▶ [Task objective] Transcribe the listing exactly, leaving out every picture.

---*---

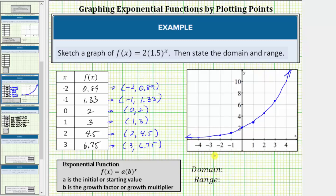Now we'll state the domain and range. The domain is the set of all possible inputs or x values; the range is the set of all possible outputs or function values. For this exponential function, there are no restrictions on x — it can be any real number — so the domain using interval notation is the open interval from negative infinity to positive infinity. The function values will never equal zero or be negative, so the range is the open interval from zero to infinity.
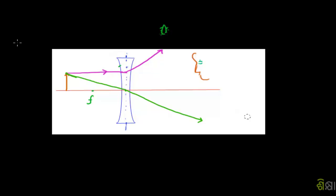If you need to know the virtual image, this will extend the point in the back part. This is a line to intersect the point. This line will intersect the point. This is the image formation. The point is simply a small image to be a formation.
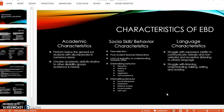For the characteristics of EBD — academically, a student with EBD would perform below general education students with a discrepancy in many different areas, and would also have a greater academic deficit related to other disability groups. Socially and behaviorally, students with EBD would be rejected by their peers and have poor student-teacher interaction, and lack empathy or understanding towards others.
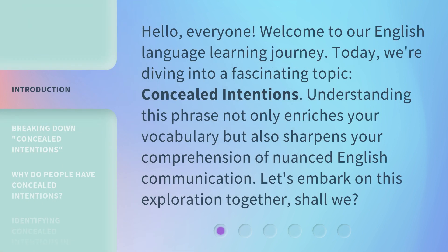Hello, everyone. Welcome to our English language learning journey. Today, we're diving into a fascinating topic: concealed intentions. Understanding this phrase not only enriches your vocabulary, but also sharpens your comprehension of nuanced English communication. Let's embark on this exploration together, shall we?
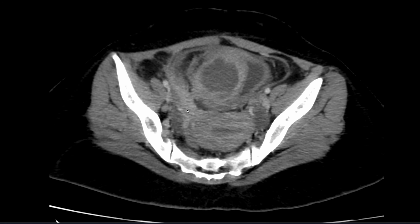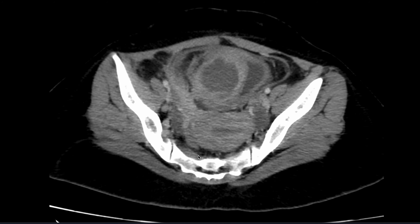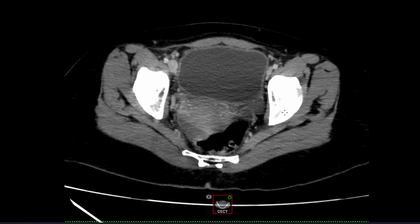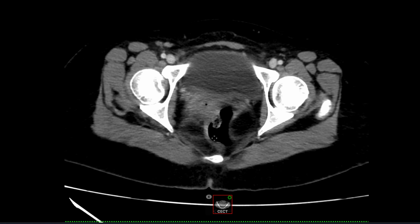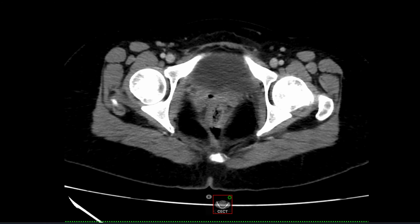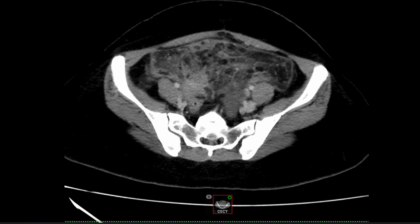Both ovaries are separately visualized. Pelvic collection is anterior to the uterus and also anterior to the right ovary, approximately measuring 5.18 to 4.9 centimeters. A thin rim of fluid is noted in the POD, which is posterior to the vagina. Severe inflammatory changes are noted in the bilateral iliac fossa.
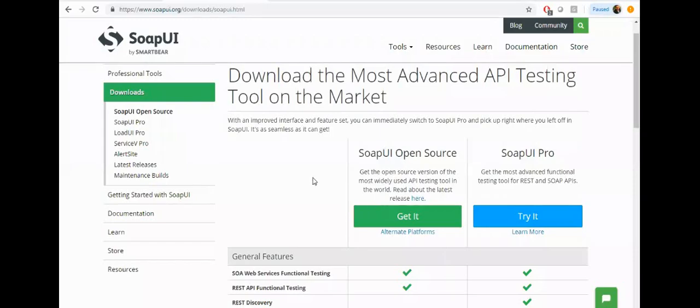Good morning everyone, my name is Amit Chaudhary and today we are going to talk about how to set up SoapUI to test the Salesforce API. First of all, download SoapUI from the SoapUI website and click on the Get button here. Once it downloads, you just need to install it. I already installed SoapUI on my machine.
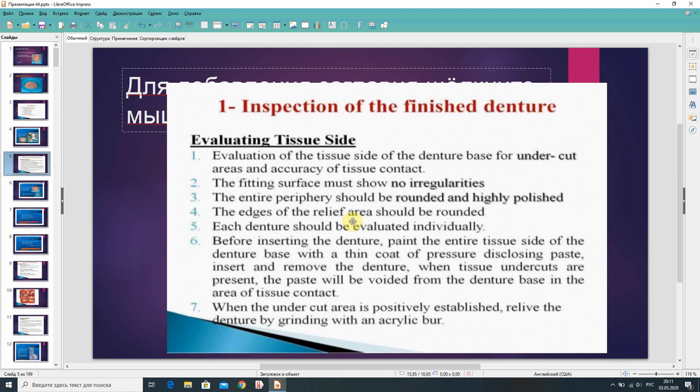The entire periphery should be rounded and highly polished, and the edge of the relief area should be rounded. Each denture should be evaluated individually. Before inserting the denture, paint the entire teeth side of the denture base with a thin coat of pressure disclosing paste. Insert and remove the denture; when teeth undercuts are present, the paste will be displaced from the denture base in the area of teeth contact. When the undercut area is positively established, relieve the denture base by grinding with an acrylic burr.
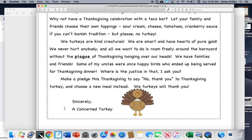We have family and friends. Some of my uncles were once happy birds who ended up being served for Thanksgiving dinner. Where is the justice in that, I ask you? Make a pledge this Thanksgiving to say no thank you to Thanksgiving turkey and choose a new meal instead. We turkeys will thank you. Sincerely, a concerned turkey.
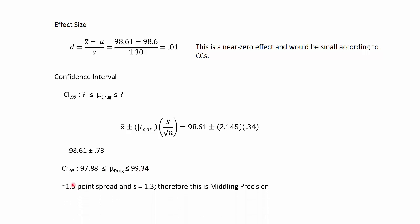Now if we compare that spread of about 1.5 degrees Fahrenheit to the standard deviation of 1.3, this is about middling precision because those are about the same value. So this is the one slight caveat with the study. It's not a highly precise estimate of the population mean, but we only had 15 people, so that's really not all that surprising.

---*---

▶ [Answer to this exercise]
Now we'll state the domain and range. The domain is the set of all possible inputs or x values; the range is the set of all possible outputs or function values. For this exponential function, there are no restrictions on x — it can be any real number — so the domain using interval notation is the open interval from negative infinity to positive infinity. The function values will never equal zero or be negative, so the range is the open interval from zero to infinity.
If you need to know the virtual image, this will extend the point in the back part. This is a line to intersect the point. This line will intersect the point. This is the image formation. The point is simply a small image to be a formation.
For the characteristics of EBD — academically, a student with EBD would perform below general education students with a discrepancy in many different areas, and would also have a greater academic deficit related to other disability groups. Socially and behaviorally, students with EBD would be rejected by their peers and have poor student-teacher interaction, and lack empathy or understanding towards others.
Hello, everyone. Welcome to our English language learning journey. Today, we're diving into a fascinating topic: concealed intentions. Understanding this phrase not only enriches your vocabulary, but also sharpens your comprehension of nuanced English communication. Let's embark on this exploration together, shall we?
Both ovaries are separately visualized. Pelvic collection is anterior to the uterus and also anterior to the right ovary, approximately measuring 5.18 to 4.9 centimeters. A thin rim of fluid is noted in the POD, which is posterior to the vagina. Severe inflammatory changes are noted in the bilateral iliac fossa.
Good morning everyone, my name is Amit Chaudhary and today we are going to talk about how to set up SoapUI to test the Salesforce API. First of all, download SoapUI from the SoapUI website and click on the Get button here. Once it downloads, you just need to install it. I already installed SoapUI on my machine.
The entire periphery should be rounded and highly polished, and the edge of the relief area should be rounded. Each denture should be evaluated individually. Before inserting the denture, paint the entire teeth side of the denture base with a thin coat of pressure disclosing paste. Insert and remove the denture; when teeth undercuts are present, the paste will be displaced from the denture base in the area of teeth contact. When the undercut area is positively established, relieve the denture base by grinding with an acrylic burr.
We have family and friends. Some of my uncles were once happy birds who ended up being served for Thanksgiving dinner. Where is the justice in that, I ask you? Make a pledge this Thanksgiving to say no thank you to Thanksgiving turkey and choose a new meal instead. We turkeys will thank you. Sincerely, a concerned turkey.
Now if we compare that spread of about 1.5 degrees Fahrenheit to the standard deviation of 1.3, this is about middling precision because those are about the same value. So this is the one slight caveat with the study. It's not a highly precise estimate of the population mean, but we only had 15 people, so that's really not all that surprising.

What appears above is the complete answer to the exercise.